Vanaf 1661 werkte Locquet voor de Hoge Raad van de Admiraliteit van Spanje, ook in Brussel gelegen. Locquet verhuisde vervolgens in 1663 naar Madrid. Daar zetelde hij in de Koninklijke Hoge Raad der Nederlanden en Bourgondië, die de koning adviseerde over de financiën en de benoemingen in de Spaanse Nederlanden.

Na 6 jaren verblijf in Madrid, keerde hij terug naar de Nederlanden (1669). Locquet verkreeg immers de benoeming tot voorzitter van de Grote Raad van Mechelen (1670), het hoogste rechtscollege van de Spaanse Nederlanden. Dit voorzitterschap in Mechelen bezorgde hem een jaarlijks inkomen van 2.000 Spaanse ponden. Locquet was op het hoogtepunt van zijn carrière als rechter. Zijn schoonvader zetelde ook in de Grote Raad van Mechelen. Zijn zoon Jean-Michel (1653-1726) was ondertussen militair commandant van Mechelen geworden. Locquet werd daarnaast lid van de Raad van State van de Spaanse Nederlanden. Gouverneur-generaal Alessandro Farnese beloonde Locquet met 3 adellijke titels: heer van Impel, heer van Wandenbrouck en burggraaf van Hombeek (1681).

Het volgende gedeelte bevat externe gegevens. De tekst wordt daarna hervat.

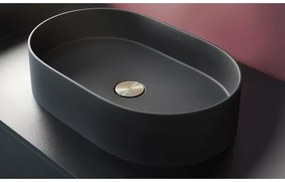 Lavoar pentru blat SILIA 35 x 55 cm, granit, negru - Deante CQS_NU6S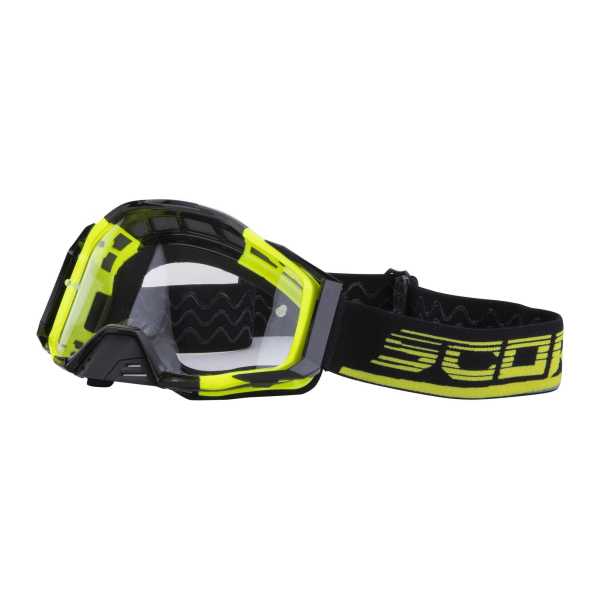 Scorpion Motocross-Brille E21 neongelb-schwarz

Deze 3 plekken liggen in het Mechelse. In 1686 ontving Locquet de hoge onderscheiding van kanselier van Brabant uit de handen van gouverneur-generaal Francisco Antonio de Agurto. Deze titel was louter formeel maar betekende alleszins een bekroning van zijn levenslange dienst aan de Spaanse Kroon.

Kanselier Locquet overleed een jaar later in Brussel (1687).